Return exactly the lines of the records below, starting at the line that contains "Und Berggasthof Zum Sonnenhof 3*" and ending at the line that contains "Anna - Brown Cropped Blazer", with both of those lines kept.

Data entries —

★ ★ ★ ★ ★

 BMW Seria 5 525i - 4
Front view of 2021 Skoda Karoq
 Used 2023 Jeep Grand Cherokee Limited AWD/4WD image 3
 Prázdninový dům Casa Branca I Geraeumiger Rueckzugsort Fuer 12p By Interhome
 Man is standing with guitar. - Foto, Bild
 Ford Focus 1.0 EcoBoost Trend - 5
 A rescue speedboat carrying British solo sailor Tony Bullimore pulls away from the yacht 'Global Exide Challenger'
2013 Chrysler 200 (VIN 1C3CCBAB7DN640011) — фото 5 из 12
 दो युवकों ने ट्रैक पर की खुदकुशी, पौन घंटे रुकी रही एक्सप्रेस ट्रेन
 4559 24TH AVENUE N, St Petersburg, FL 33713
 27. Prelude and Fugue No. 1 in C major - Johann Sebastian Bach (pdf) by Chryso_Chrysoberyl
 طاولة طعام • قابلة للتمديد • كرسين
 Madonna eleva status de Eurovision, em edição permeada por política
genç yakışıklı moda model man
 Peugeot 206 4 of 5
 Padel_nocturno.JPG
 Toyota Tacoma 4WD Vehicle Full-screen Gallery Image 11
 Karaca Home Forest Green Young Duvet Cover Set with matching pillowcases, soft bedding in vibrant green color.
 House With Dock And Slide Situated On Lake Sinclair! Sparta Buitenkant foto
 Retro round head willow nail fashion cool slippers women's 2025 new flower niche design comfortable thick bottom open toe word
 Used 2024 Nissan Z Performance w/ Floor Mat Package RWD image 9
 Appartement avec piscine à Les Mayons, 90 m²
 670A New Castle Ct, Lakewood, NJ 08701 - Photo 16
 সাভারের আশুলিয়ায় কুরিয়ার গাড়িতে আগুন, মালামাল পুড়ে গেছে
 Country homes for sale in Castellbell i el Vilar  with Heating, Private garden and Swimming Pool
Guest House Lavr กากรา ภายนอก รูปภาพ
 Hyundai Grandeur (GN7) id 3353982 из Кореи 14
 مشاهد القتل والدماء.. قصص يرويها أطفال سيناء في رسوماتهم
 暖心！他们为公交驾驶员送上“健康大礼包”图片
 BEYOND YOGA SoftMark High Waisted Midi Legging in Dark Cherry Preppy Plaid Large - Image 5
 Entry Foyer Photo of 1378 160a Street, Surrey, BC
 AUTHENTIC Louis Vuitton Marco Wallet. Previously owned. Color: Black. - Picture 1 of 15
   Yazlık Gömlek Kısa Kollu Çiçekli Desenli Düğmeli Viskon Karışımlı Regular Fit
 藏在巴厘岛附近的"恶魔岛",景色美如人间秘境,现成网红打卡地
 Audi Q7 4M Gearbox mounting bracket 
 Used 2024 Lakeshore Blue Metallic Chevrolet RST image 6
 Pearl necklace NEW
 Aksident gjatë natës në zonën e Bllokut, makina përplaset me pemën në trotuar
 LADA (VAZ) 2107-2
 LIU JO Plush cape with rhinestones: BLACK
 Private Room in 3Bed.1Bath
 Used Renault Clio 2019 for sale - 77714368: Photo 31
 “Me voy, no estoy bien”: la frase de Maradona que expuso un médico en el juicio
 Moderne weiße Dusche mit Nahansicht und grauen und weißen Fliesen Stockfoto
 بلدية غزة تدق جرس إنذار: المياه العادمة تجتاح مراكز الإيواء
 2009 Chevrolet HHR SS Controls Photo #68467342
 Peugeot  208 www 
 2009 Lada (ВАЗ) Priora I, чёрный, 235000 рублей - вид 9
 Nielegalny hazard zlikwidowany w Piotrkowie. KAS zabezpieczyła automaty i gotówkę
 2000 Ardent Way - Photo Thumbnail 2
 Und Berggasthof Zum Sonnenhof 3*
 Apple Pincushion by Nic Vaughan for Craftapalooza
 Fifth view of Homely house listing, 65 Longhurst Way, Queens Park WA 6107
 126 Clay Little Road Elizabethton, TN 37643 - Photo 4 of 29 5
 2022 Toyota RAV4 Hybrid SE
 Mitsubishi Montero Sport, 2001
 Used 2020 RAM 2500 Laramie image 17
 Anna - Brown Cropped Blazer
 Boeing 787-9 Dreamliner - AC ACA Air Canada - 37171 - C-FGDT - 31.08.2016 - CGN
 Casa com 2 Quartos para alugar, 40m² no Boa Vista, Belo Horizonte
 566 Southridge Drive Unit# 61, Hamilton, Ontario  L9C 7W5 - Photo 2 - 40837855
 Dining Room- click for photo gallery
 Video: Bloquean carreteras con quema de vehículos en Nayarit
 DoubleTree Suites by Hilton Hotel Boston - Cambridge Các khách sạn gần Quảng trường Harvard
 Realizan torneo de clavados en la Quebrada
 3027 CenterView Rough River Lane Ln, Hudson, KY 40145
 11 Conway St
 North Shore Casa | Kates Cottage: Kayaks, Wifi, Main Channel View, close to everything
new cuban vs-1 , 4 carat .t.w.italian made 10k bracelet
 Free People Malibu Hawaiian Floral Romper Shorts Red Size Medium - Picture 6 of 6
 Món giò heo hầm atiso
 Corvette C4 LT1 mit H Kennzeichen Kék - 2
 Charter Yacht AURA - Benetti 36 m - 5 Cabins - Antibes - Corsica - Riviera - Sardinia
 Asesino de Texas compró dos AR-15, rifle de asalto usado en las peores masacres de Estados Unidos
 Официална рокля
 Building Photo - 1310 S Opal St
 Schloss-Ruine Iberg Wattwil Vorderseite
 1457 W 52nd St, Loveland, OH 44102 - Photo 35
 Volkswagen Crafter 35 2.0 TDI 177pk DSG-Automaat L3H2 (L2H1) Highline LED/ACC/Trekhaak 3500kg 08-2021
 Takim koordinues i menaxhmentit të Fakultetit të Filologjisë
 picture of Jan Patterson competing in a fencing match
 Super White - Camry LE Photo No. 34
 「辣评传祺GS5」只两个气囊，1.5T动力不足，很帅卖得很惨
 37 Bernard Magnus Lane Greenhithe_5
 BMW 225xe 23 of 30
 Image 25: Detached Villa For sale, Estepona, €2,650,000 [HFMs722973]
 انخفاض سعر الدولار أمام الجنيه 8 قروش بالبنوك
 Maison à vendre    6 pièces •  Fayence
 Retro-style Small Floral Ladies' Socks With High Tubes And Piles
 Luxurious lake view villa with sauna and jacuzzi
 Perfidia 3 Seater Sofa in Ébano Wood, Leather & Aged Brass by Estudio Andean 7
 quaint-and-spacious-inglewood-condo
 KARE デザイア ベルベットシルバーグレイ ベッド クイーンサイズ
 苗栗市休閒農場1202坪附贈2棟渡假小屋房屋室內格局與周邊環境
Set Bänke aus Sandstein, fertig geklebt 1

★ ★ ★ ★ ★

YOUR RESPONSE —
 Und Berggasthof Zum Sonnenhof 3*
 Apple Pincushion by Nic Vaughan for Craftapalooza
 Fifth view of Homely house listing, 65 Longhurst Way, Queens Park WA 6107
 126 Clay Little Road Elizabethton, TN 37643 - Photo 4 of 29 5
 2022 Toyota RAV4 Hybrid SE
 Mitsubishi Montero Sport, 2001
 Used 2020 RAM 2500 Laramie image 17
 Anna - Brown Cropped Blazer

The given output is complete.